Document Type : Original Article
Department of Medical Genetics, School of Medicine, Tehran University of Medical Sciences, Tehran, Iran;Hematology, Oncology and Stem Cell Transplantation Research Center, Tehran University of Medical Sciences, Tehran, Iran
Hematology, Oncology and Stem Cell Transplantation Research Center, Tehran University of Medical Sciences, Tehran, Iran
Department of Medical Genetics, School of Medicine, Tehran University of Medical Sciences, Tehran, Iran
Chromosomal translocations are among the most common mutational events in cancer development, especially in hematologic malignancies. However, the precise molecular mechanism of these events is still not clear. It has been recently shown that alternative non-homologous end-joining (alt-NHEJ), a newly described pathway for double-stranded DNA break repair, mediates the formation of chromosomal translocations. Here, we examined the expression levels of the main components of alt-NHEJ (PARP1 and LIG3) in acute myeloid leukemia (AML) patients and assessed their potential correlation with the formation of chromosomal translocations.
Materials and Methods
This experimental study used reverse transcription-quantitative polymerase chain reaction (RT- qPCR) to quantify the expression levels of PARP1 and LIG3 at the transcript level in AML patients (n=78) and healthy individuals (n=19).
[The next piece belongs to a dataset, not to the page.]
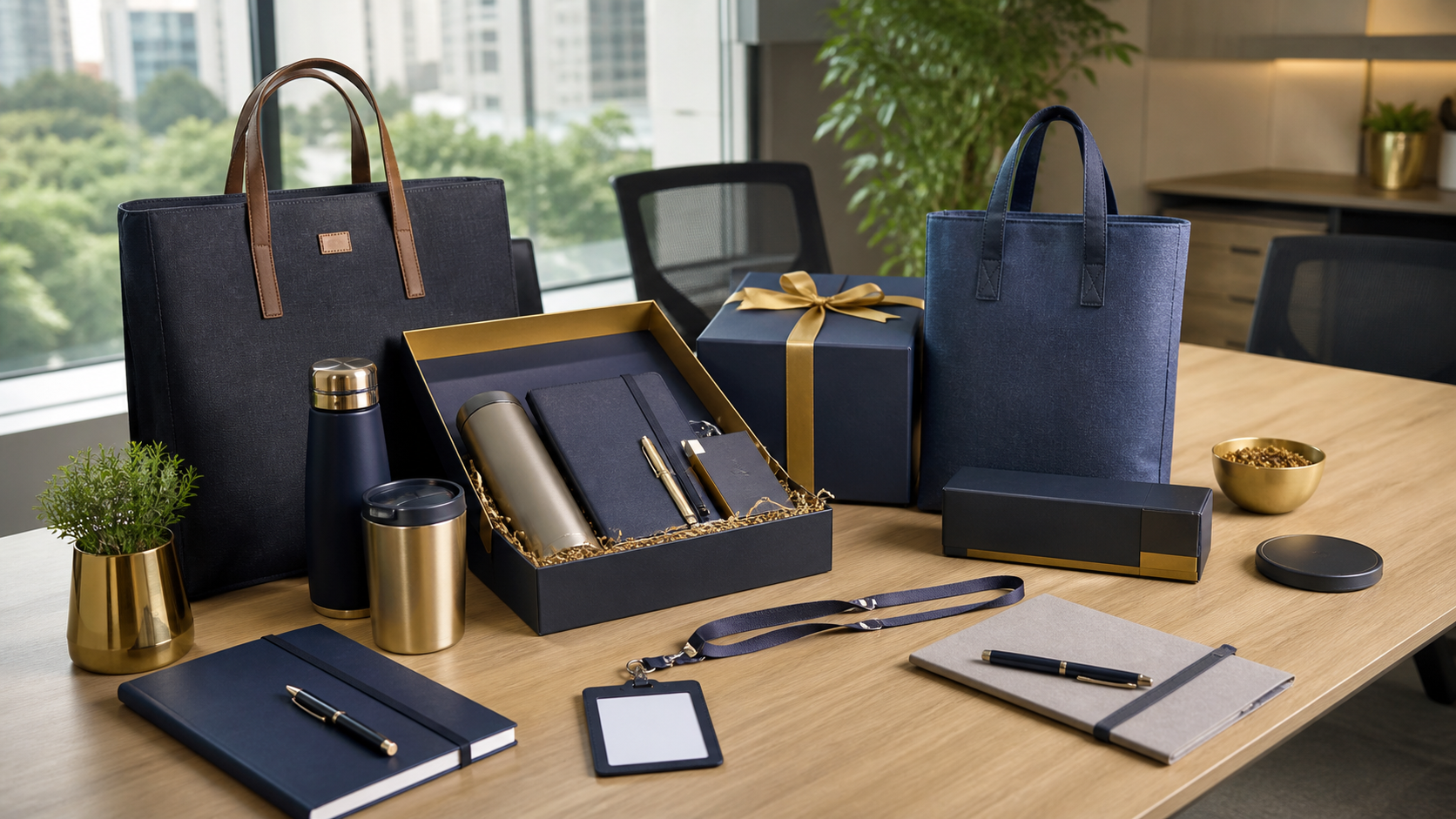 Branded joining kit with tumbler, notebook, and pen packed in a gift box
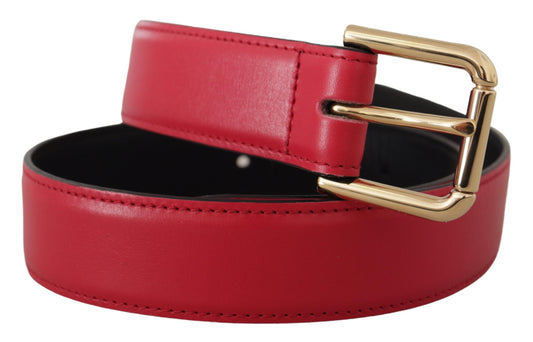 Red Calf Leather Gold Tone Logo Metal Buckle Belt-Dolce & Gabbana-LabelTerrace.com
PARP1 was the only gene overexpressed in the AML group when compared with healthy individuals (P=0.0004), especially in the poor prognosis sub-group. Both genes were, however, found to be up-regulated in AML patients with chromosomal translocations (P=0.04 and 0.0004 respectively). Moreover, patients with one isolated translocation showed an over-expression of only LIG3 (P=0.005), whereas those with two or more translocations over-expressed both LIG3 (P=0.002) and PARP1 (P=0.02).
The significant correlations observed between PARP1 and LIG3 expression and the rate of chromosomal translocations in AML patients provides a molecular context for further studies to investigate the causality of this association.